■ EXERCISE DESCRIPTION
Would it be possible to output exactly, and only, the lines below from the one holding "Rabbit Polyclonal Antibody to ASMTL" to the last line, both included, with every picture left out?

(Web page caption snippets)

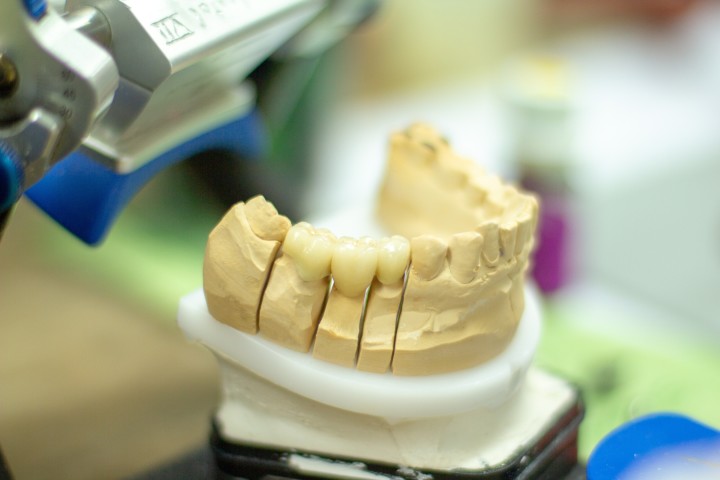 Dentist making ceramic crowns, Charlotte, NC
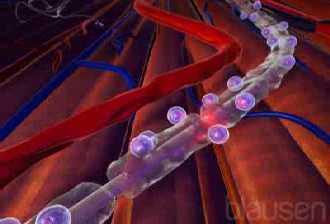Lesiones nerviosas debidas a la diabetes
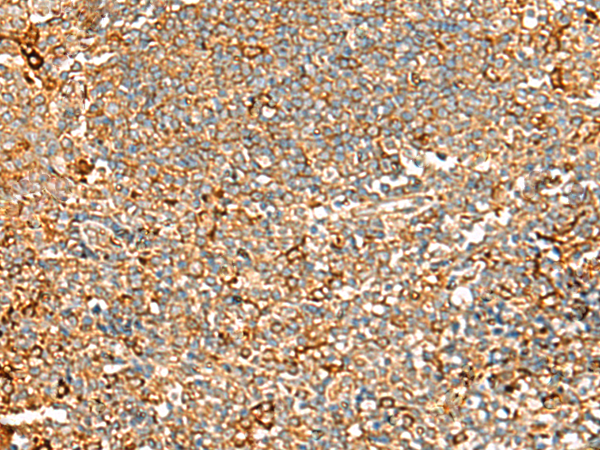 Rabbit Polyclonal Antibody to ASMTL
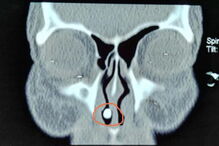 Mulher chinesa tinha dente no interior do nariz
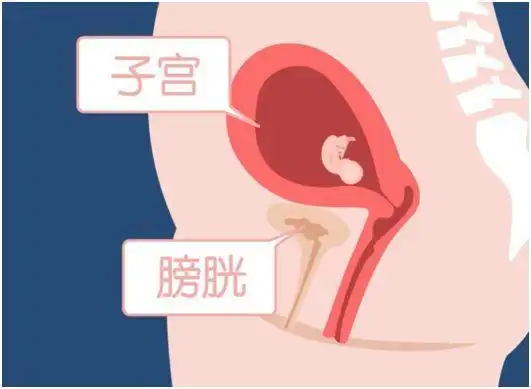 怀孕之后,宝宝在长大,子宫也跟着长大,膀胱就会受到子宫的压迫,可能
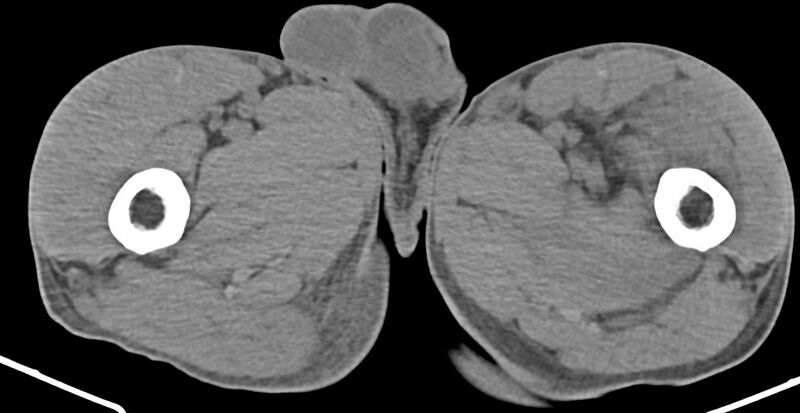 File:Chronic osteomyelitis (with sequestrum) (Radiopaedia 74813-85822 D 66).jpg
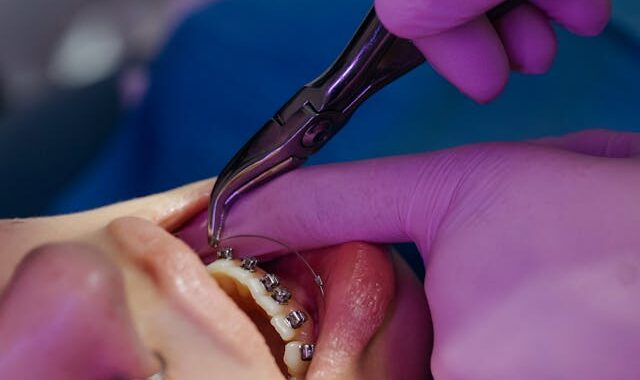 Jak często trzeba chodzić do ortodonty?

■ ANSWER BELOW
 Rabbit Polyclonal Antibody to ASMTL
 Mulher chinesa tinha dente no interior do nariz
 怀孕之后,宝宝在长大,子宫也跟着长大,膀胱就会受到子宫的压迫,可能
 File:Chronic osteomyelitis (with sequestrum) (Radiopaedia 74813-85822 D 66).jpg
 Jak często trzeba chodzić do ortodonty?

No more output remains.